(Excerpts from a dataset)
== Segment start ==

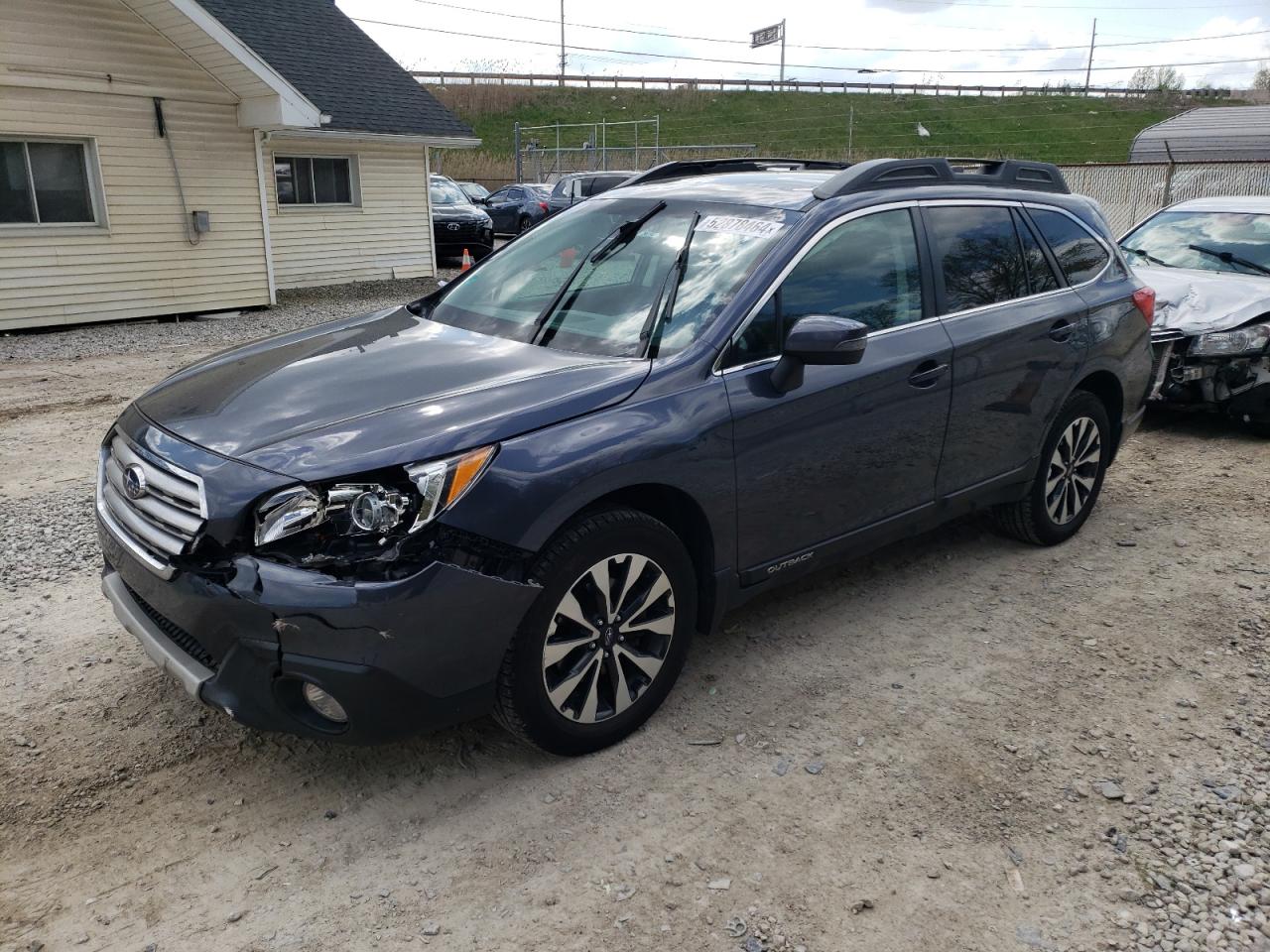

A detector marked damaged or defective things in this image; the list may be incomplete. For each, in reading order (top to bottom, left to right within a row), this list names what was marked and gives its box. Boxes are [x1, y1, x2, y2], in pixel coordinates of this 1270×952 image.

damaged white car [1122, 201, 1270, 438]
damaged front bumper [1148, 332, 1270, 428]
broken headlight [1189, 327, 1270, 360]
exposed headlight housing [1189, 327, 1270, 360]
exposed headlight housing [251, 446, 495, 550]
broken headlight [252, 446, 495, 550]
damaged front bumper [97, 515, 536, 746]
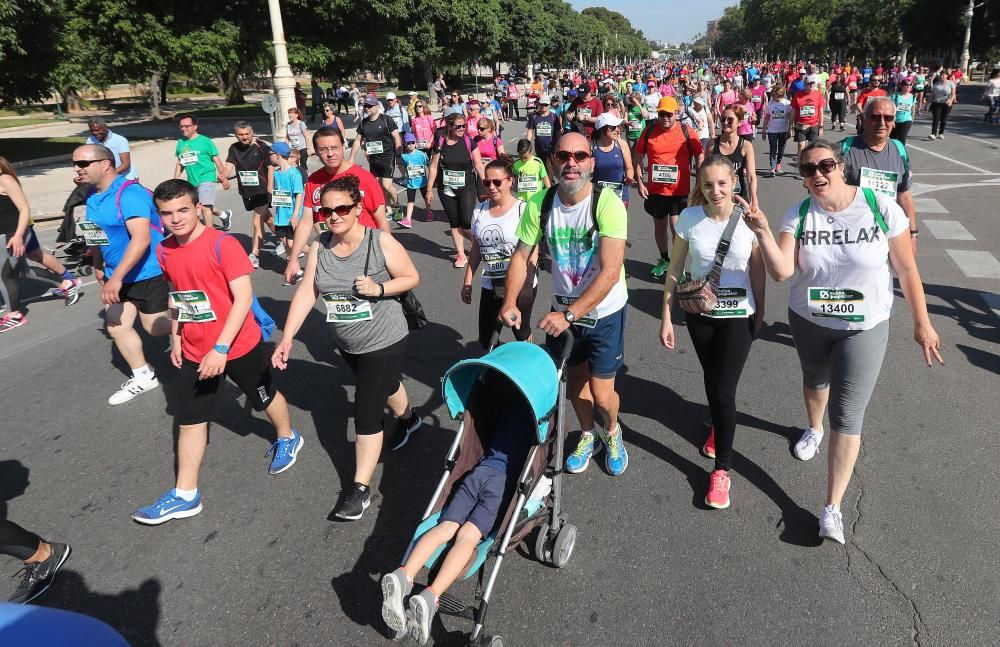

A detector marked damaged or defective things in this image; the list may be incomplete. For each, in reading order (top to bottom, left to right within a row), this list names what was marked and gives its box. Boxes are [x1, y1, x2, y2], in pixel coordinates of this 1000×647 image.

crack in asphalt [844, 440, 928, 647]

== Segment end ==

§ PROBLEM
Beginning with the line that holds "this 1000×647 image.", please return every line through the end of the data, exactly as written.

§ OUTPUT FOR THIS EXERCISE
A detector marked damaged or defective things in this image; the list may be incomplete. For each, in reading order (top to bottom, left to right within a row), this list names what was marked and gives its box. Boxes are [x1, y1, x2, y2], in pixel coordinates of this 1000×647 image.

crack in asphalt [844, 440, 928, 647]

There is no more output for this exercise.